The Quandary of International Calling
If you normally have a U.S. phone and calling plan, there are a variety of problems that may face you when traveling abroad:
- Your phone may not be compatible. Different phones use different cellular technology, and depending on the available networks in the country you’re visiting, you may not be able to use your phone without adjustments. Most phones use GSM or CDMA technology. While GSM is the standards of most Latin American, African, Asian, and Middle Eastern countries, CDMA is used in many European countries. U.S. carriers Verizon and Sprint PCS use CDMA technology, while AT&T and T-Mobile operate on GSM. Your phone must also be able technologically to make international calls; some phones can only be used domestically.
- Your costs may be prohibitive. Depending upon the calling plan you currently have, you may be hit with astronomical international roaming charges when you are abroad. And even with an international plan, calling rates for individual countries can run up to several dollars per minute.
What Are Your Communication Needs when Traveling?
When considering what phone arrangements you need to make before heading overseas, start by considering three variables:
- How long will you be gone? Taking a 3-4 day long weekend tour won’t require the same communication arrangements as an entire summer abroad. And if you’re a constant globetrotter dealing with international calling on a constant basis, you need a permanent solution.
- Where are you going? Going back to the issue of cellular technology compatibility, check to see the available networks in the country you’re visiting, as well as calling rates
- What will be your primary type of phone usage? Your phone needs will vary, depending upon whether you’ll be using your phone to make calls to friends and family, recieving business calls, or calling mostly within the country.
Before you toss your phone out the window in frustration, check with your cell phone carrier. Find out about any compatibility issues for your phone, and check about its available international rates. Some carriers have global phone loaner programs and other options for travelers, so gather all the facts before you make a decision on the best solution for you. Find your provider’s online international services link as a place to start.
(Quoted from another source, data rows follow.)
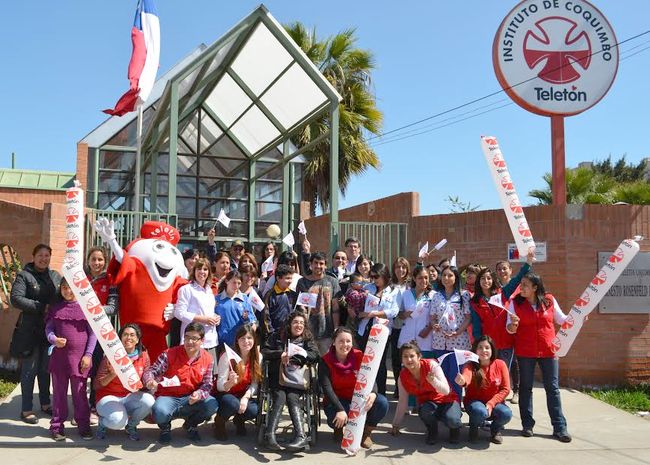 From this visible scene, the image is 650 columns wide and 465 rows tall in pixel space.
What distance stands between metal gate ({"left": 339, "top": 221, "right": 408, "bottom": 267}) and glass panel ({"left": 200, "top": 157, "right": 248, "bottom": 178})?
6.19m

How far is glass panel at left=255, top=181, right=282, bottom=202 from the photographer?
16.3 meters

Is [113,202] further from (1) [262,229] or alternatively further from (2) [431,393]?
(2) [431,393]

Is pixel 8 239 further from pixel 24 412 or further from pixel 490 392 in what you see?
pixel 490 392

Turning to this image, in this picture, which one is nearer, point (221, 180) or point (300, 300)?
point (300, 300)

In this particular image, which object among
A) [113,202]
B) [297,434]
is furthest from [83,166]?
[297,434]

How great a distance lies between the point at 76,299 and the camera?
569 cm

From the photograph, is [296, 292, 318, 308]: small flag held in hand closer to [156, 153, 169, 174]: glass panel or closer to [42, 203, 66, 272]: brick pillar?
[42, 203, 66, 272]: brick pillar

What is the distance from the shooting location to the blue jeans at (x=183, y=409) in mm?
5539

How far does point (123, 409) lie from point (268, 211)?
11.0m

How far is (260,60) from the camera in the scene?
11.4 metres

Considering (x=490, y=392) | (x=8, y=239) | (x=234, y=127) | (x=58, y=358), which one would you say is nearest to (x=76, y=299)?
(x=58, y=358)

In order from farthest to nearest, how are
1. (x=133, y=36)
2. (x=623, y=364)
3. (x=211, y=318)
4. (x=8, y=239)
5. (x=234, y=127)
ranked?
(x=234, y=127), (x=133, y=36), (x=8, y=239), (x=623, y=364), (x=211, y=318)

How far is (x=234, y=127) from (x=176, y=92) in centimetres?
518

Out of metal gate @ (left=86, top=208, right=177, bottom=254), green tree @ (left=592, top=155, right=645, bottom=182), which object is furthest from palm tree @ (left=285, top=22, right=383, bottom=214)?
green tree @ (left=592, top=155, right=645, bottom=182) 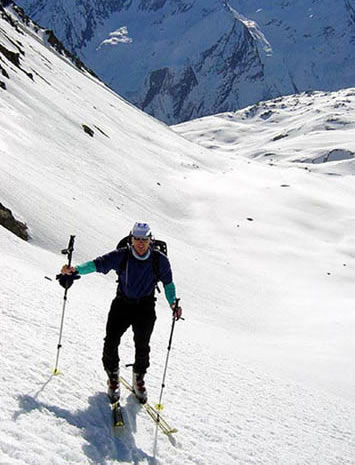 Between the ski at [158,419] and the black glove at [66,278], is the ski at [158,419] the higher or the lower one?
the lower one

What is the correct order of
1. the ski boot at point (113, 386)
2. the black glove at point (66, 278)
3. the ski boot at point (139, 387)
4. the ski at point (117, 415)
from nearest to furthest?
the ski at point (117, 415)
the ski boot at point (113, 386)
the black glove at point (66, 278)
the ski boot at point (139, 387)

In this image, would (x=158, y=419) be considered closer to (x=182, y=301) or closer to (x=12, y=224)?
(x=12, y=224)

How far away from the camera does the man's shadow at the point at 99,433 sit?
235 inches

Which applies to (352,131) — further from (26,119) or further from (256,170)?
(26,119)

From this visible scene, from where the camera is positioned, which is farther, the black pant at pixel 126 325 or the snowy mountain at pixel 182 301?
the black pant at pixel 126 325

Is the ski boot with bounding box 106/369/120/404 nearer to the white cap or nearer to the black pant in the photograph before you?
the black pant

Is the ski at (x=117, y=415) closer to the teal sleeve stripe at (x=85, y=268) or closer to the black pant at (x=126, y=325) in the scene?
the black pant at (x=126, y=325)

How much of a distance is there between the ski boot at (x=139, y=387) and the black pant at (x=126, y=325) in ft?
0.81

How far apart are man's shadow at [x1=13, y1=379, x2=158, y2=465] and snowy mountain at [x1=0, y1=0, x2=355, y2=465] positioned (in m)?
0.02

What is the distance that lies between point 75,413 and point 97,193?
911 inches

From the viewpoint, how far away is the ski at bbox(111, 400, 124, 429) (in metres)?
6.51

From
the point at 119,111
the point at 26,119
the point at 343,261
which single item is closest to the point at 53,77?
the point at 119,111

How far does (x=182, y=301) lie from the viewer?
1891cm

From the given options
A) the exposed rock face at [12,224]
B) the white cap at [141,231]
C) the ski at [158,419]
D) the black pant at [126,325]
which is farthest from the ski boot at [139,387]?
the exposed rock face at [12,224] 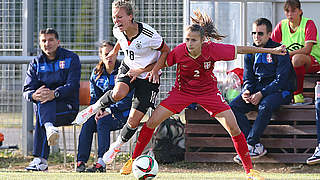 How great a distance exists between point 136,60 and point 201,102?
921 mm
There are several ways to handle phone communications when you’re going abroad, including the following:
- Using your own cell phone with an international calling plan;
- Purchasing or borrowing a global phone from your U.S. carrier;
- Purchasing or renting a cell phone in your destination country;
- Using a VoIP service such as Skype;
- Using an international SIM card with your own cell phone.
The viability of a particular option is going to be based on what you’ve found out about your phone, and how you’ve determined you’ll be using it abroad. For example, an international SIM card will only work if you have an unlocked GSM phone, so Verizon phones, for example, are excluded from this option. Or if you’re making a low volume of calls primarily to the U.S., renting a cell phone in another country won’t be very cost-effective. Check online and familiarize yourself more with each of these options before you make a decision.
Once you’ve decided on the best phone option while you’re gone, make sure you also do the following:
- Check the voltage requirements for the country you’re visiting and bring a compatible power converter for your phone charger.
- Save frequently used phone numbers, emergency contacts, transportation and hotel numbers in your phone’s address book. Make sure you enter the numbers using the international dialing format; e.g., “+011.”
- If you use a smart phone, turn off the “Automatic” function for checking emails and set it to “Manual.” You’ll reduce data roaming charges, and you can wait to check messages when connected to free WiFi in a hotel lobby or café.
By doing your homework and following a few simple tips, you can make your overseas phone experience much easier and more affordable.